Entre os convidados também estavam o ministro da Educação de Cuba, Luis Ignacio Gómez; o embaixador de Cuba, Rafael Dausá, e seu compatriota Jorge González, o médico que desenterrou e identificou os restos do guerrilheiro em 1997.

O ato começou com atraso porque o helicóptero que trouxe Morales produziu, em sua primeira tentativa de aterrissagem, uma densa poeira sobre as pessoas que o esperavam.

Exceto pelo incidente, a comemoração teve um ambiente festivo, inédito para o povoado, onde residem menos de cinqüenta famílias, mas que hoje se transformou em uma fervedouro de guevaristas, socialistas e indígenas bolivianos.

As canções de Pablo Milanés e Silvio Rodríguez e bandeiras do Movimento ao Socialismo (MAS) de Morales, da Bolívia e de Cuba deram cor ao vilarejo encravado entre as montanhas do departamento (estado) de Santa Cruz.

Em La Higuera, a importância da figura de "Che" se reflete em um enorme busto junto ao qual várias pessoas aproveitaram para tirar fotos, e em um pequeno museu dedicado a sua memória.

Mas também em produtos de consumo popular um tanto insólitos como o pequeno frasco de "Terra e sangue do Che", que era vendido pelo equivalente a US$ 0,40 no próprio museu.

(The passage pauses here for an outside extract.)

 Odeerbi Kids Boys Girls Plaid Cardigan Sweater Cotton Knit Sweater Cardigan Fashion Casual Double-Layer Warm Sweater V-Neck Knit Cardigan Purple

Também deu visibilidade à homenagem a presença do inca Kutek Pacha (Marcelo Marcial de Cóndor Marca), um quíchua de 36 anos vestido com roupas típicas, que assegura ser descendente de Tupac Amaru, um líder indígena que lutou contra os espanhóis durante a época colonial.

Homenagens também em Havana


Apesar da centralidade das homenagens a Che na Bolívia, Cuba também foi palco de diversas homenagens a Guevara.

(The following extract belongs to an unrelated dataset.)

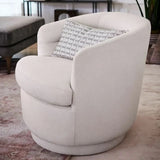 Sewn Pillow Back Sloped Arms Round Base Barrel Chair Image - 3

Entre as celebrações, um grupo de médicos cubanos que combateu na guerrilha e derrotou o regime de Fulgencio Batista em 1959 homenageou Che Guevara no mausoléu na cidade de Santa Clara, a 270 quilômetros de Havana, onde ficam seus restos desde 1997.

Símbolo de rebeldia e da revolução, a imagem e o pensamento do guerrilheiro é objeto de devoção no país antilhano. Sua célebre foto com uma boina com a estrela solitária é uma imagem clássica em Cuba.

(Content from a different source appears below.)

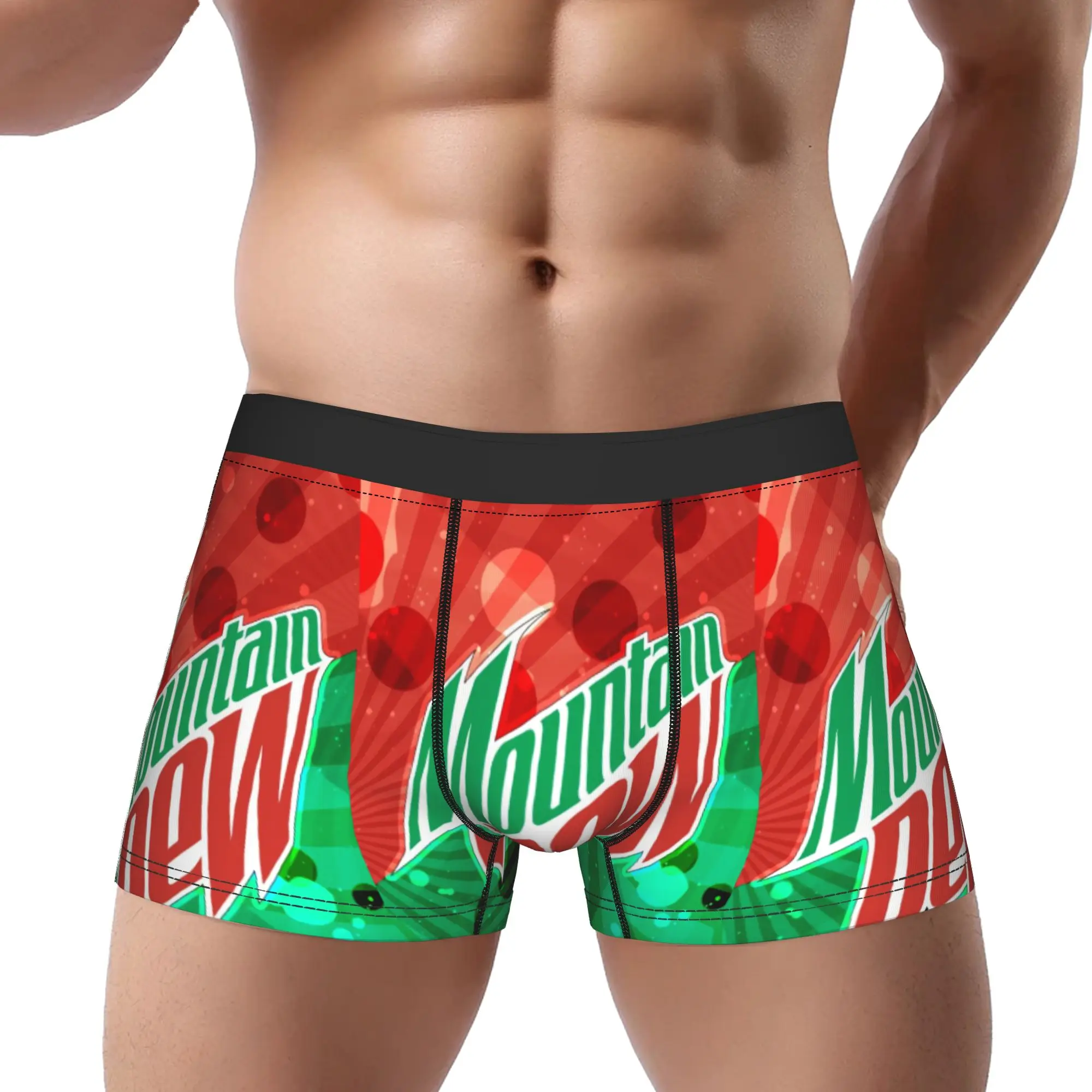 

Трусы-боксеры Mountain Dew Red & Green Burst, мужские трусы-шорты с принтом, мужское нижнее белье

Foi no México em 1956 que o jovem médico Guevara conheceu Fidel Castro e aderiu à luta armada contra Batista que terminou com a vitória da revolução em 1959.

Presidido por José Ramón Machado Ventura, membro da Repartição Política do Partido Comunista de Cuba e que lutou junto com Che, um grupo de médicos veteranos e combatentes visitou o Memorial onde Che Guevara repousa junto com alguns de seus companheiros de luta.

"A figura do Che é inesquecível e eterna, se converteu em bandeira das causas nobres e das lutas a favor dos povos", declarou à imprensa Machado Ventura, que conheceu Guevara em 1957 na Sierra Maestra, coração da luta rebelde.

Ainda como parte das homenagens, a televisão cubana transmitirá hoje os atos em La Higuera.
O multimídia "Che, cidadão do mundo"e o documentário "Che Guevara, onde nunca jamais o imaginam", do diretor Manuel Pérez, foram apresentados também em Havana como parte das celebrações junto com uma série de palestras.

O jornal Juventud Rebelde publicou um artigo sobre Che escrito por Roberto Fernández Retamar, diretor da instituição cultural Casa das Américas.

"O Che, imagem do povo", é o título da nota na qual o intelectual traçou um esboço do guerrilheiro através de anedotas, de sua relação com Castro e sua nacionalidade.

"A Argentina não esteve só no passado de Che: esteve em seu presente e ele queria que também estivesse em seu futuro (…) a Argentina se orgulha de seu Che e a reincorporação à sua história, é fundamental, e enriquece a todas e a todos", defendeu Retamar.